Mon–Thu and Sun midday–2.45pm and 6pm–10.30pm; Fri–Sat midday–2.45pm and 6pm–11pm
Potli is a south Indian restaurant known as a market kitchen. It excels in creating dishes that unite different regions, producing an Indian hybrid cuisine. The atmosphere is relaxed and the décor is unpretentious – scattered with trinkets of a traveller; there are star lamps, hessian sack cushions and kitsch tin Indian adverts.
We started with a pappadum basket (£1.50) which to my delight weren’t the usual pappadums that stick to the roof of your mouth.

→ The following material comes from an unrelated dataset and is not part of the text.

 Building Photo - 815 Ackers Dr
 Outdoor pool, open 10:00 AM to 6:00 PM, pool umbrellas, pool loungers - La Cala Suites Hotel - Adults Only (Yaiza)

These included puffed rice cakes and crisp, salty pappadums with homemade chutneys such as sour tamarind and sweet mango.

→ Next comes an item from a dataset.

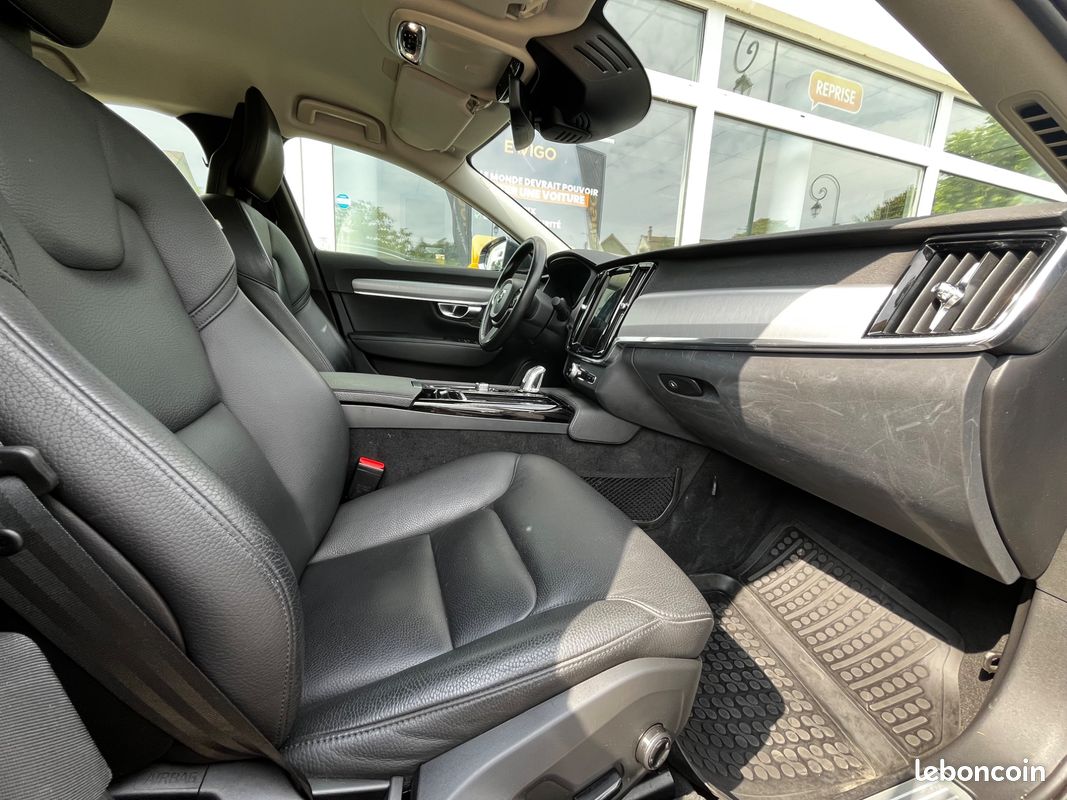 Volvo s90 s90 2.0 t8 407h 320 twin-engine phev hybrid momentum (image 18)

The staff were incredibly attentive and willing to explain our dishes, from where they came from to what they include.
We were refreshed by the lemony unoaked chardonnay that we freely sipped alongside our pre-starters of pani puris (£3) – puffed semolina crisps filled with chickpea paste and tamarind water, and bhel puri (£3) – puffed rice sweetened with peanuts which had a strange springy texture.
To start, the other half went for piayzi (£4.25) – beautifully light and crispy onion bhaji with none of the oil that you would normally associate with them. I opted for the tastiest coated fried chicken (£4.25) I have ever eaten, exceeding American buttermilk chicken by miles.

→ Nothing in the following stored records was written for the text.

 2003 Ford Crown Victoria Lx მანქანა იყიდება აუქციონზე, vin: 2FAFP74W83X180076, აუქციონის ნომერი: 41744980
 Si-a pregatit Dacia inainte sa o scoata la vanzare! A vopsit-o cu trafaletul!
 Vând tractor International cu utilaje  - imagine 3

I couldn’t wait for my personal favourite, the lamb biryani (£12.50). It wasn’t a let down – sweet prunes and raisins with deeply rich marinated lamb chunks. Absolute perfection. He went for a Kerala fish curry (£8.75) – fragrant with coconut milk and curry leaves although the tilapia fish was somewhat lacking in flavour. We both shared a keema naan (£3) and a peshwari naan (£2.50).
He was beaten but I was ready to soldier on with the mango crème brulee (£4.50). It conquered me after three spoonfuls, even if it was exotically flavoursome and sweet. We finished with some fresh mint tea (£2).
Meal for two, including wine and service, £50.